Rhodes is assistant to the president and deputy national security advisor for strategic communications and speechwriting. A 2013 profile in The New York Times described him as a man with “a soft voice, strong opinions and a reputation around the White House as the man who channels Mr. Obama on foreign policy.”
Rhodes was a senior speechwriter for the Obama presidential campaign in 2008, then served as deputy director of White House speechwriting before moving into his current post.
Prior to joining Obama, Rhodes worked for five years as special assistant to Hamilton when the former Indiana congressman was director of the Woodrow Wilson International Center for Scholars in Washington, D.C. Rhodes helped draft the 2004 recommendations of the 9/11 Commission, of which Hamilton was vice chairman, and the 2006 report of the Iraq Study Group, which Hamilton co-chaired.
In 2011, Rhodes was on Time magazine’s "40 Under 40" list of powerful and prominent young professionals. A native of New York City, Rhodes has a Bachelor of Arts from Rice University and a Master of Fine Arts from New York University.
Rhodes’ itinerary in Bloomington is designed to give students a chance to visit with him in small-group and classroom settings. No public events are scheduled.

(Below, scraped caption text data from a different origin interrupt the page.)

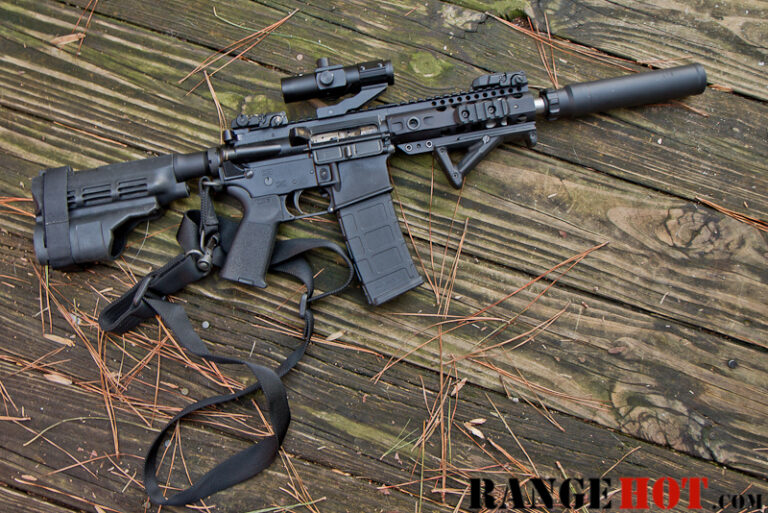 BPM CQC 300 BLK pistol and AAC SR-7 silencer.
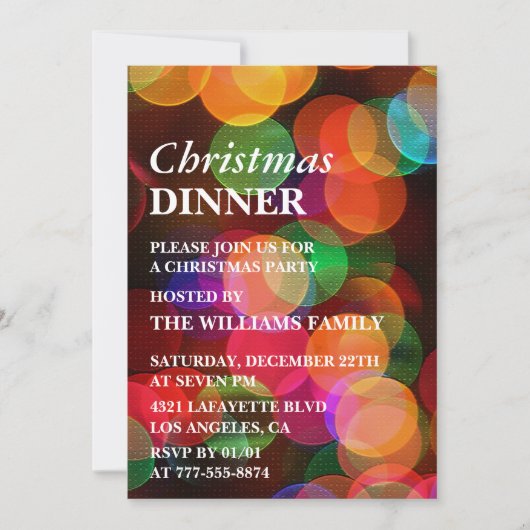 Invitation Soirée de Noël Confetti scintillant pour dîner (Devant)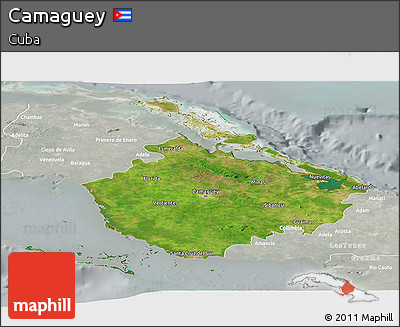Satellite Panoramic Map of Camaguey, lighten, semi-desaturated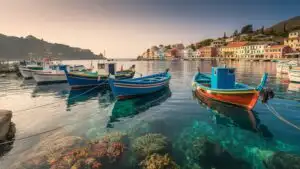 Coastal Town Fishing Boats Harbor View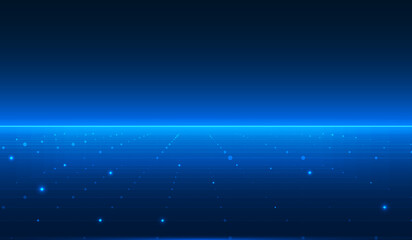 Abstract Futuristic Background of Grid Dots, Lines Perspective Floor With Blue Horizontal Alignment Digital Data Network Transfer Concept Vector Illustration.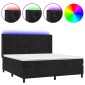 vidaXL Κρεβάτι Boxspring με Στρώμα & LED Μαύρο 180x200 εκ. Βελούδινο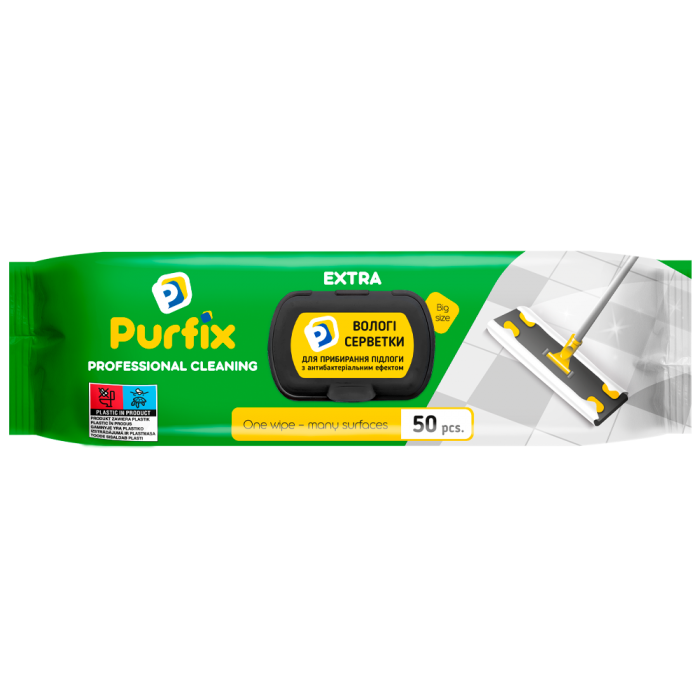 Серветки вологі для прибирання підлоги Extra Purfix 50шт.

"This will be a wonderful opportunity for our students to learn from and converse with someone who is working at the highest level in the executive branch, helping shape and communicate American foreign policy," Hamilton said.
Rhodes’ visit is supported with funding from IU’s School of Public and Environmental Affairs, where Hamilton serves as a professor of practice.
On the evening of April 6, Rhodes is slated for an informal Q&A session over pizza with public policy, journalism and business students. On April 7, he will make remarks and take questions at a breakfast with students from the Hutton Honors College, the Wells Scholars Program, the Political and Civic Engagement program and the School of Journalism.
Rhodes’ next stop is an undergraduate class in writing for public affairs at the School of Public and Environmental Affairs. Finally, he will speak to and answer questions from a combined group -- an international studies class on "Identity & Conflict" and a media/journalism class, "Conflict, Terrorism and Humanitarian Intervention."
About the Center on Congress
The Center on Congress is a nonpartisan, educational institution established in 1999 to help improve the public's knowledge of Congress and to encourage civic engagement. The center developed out of Lee Hamilton's recognition during his 34 years in the U.S. House that Americans should be more familiar with Congress’s strengths and weaknesses, its role in our system of government, and its impact on the lives of ordinary people every day.
An innovator in using technology to make civics instruction interesting and relevant to young people, the center offers Web-based interactive modules, apps for the iPad, and other online learning tools in English and Spanish. Hamilton writes twice-monthly commentaries for newspapers, and the center’s portfolio includes booklets and books on Congress and citizenship; video and television in the classroom resources; survey research; teacher awards; and seminars, conferences and a lecture series.
The Center on Congress is supported in part by the Office of the Vice Provost for Research at IU Bloomington.